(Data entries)
= Beginning of Section =

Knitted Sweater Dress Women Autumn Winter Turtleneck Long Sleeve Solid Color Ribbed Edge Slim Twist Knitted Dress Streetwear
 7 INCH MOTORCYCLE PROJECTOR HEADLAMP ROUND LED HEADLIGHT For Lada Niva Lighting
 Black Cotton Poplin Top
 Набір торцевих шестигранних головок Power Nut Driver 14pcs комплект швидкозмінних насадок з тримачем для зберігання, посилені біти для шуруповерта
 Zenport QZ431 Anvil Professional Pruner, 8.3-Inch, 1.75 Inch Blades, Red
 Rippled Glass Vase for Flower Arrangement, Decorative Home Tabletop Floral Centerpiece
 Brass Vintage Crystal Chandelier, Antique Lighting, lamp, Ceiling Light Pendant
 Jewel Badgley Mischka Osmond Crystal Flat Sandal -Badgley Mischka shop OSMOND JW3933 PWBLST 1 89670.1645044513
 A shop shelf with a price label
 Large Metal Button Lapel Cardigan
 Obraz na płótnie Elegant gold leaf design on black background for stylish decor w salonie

= End of Section =

Copy each record from above without leaving any out.

> Expected answer
Knitted Sweater Dress Women Autumn Winter Turtleneck Long Sleeve Solid Color Ribbed Edge Slim Twist Knitted Dress Streetwear
 7 INCH MOTORCYCLE PROJECTOR HEADLAMP ROUND LED HEADLIGHT For Lada Niva Lighting
 Black Cotton Poplin Top
 Набір торцевих шестигранних головок Power Nut Driver 14pcs комплект швидкозмінних насадок з тримачем для зберігання, посилені біти для шуруповерта
 Zenport QZ431 Anvil Professional Pruner, 8.3-Inch, 1.75 Inch Blades, Red
 Rippled Glass Vase for Flower Arrangement, Decorative Home Tabletop Floral Centerpiece
 Brass Vintage Crystal Chandelier, Antique Lighting, lamp, Ceiling Light Pendant
 Jewel Badgley Mischka Osmond Crystal Flat Sandal -Badgley Mischka shop OSMOND JW3933 PWBLST 1 89670.1645044513
 A shop shelf with a price label
 Large Metal Button Lapel Cardigan
 Obraz na płótnie Elegant gold leaf design on black background for stylish decor w salonie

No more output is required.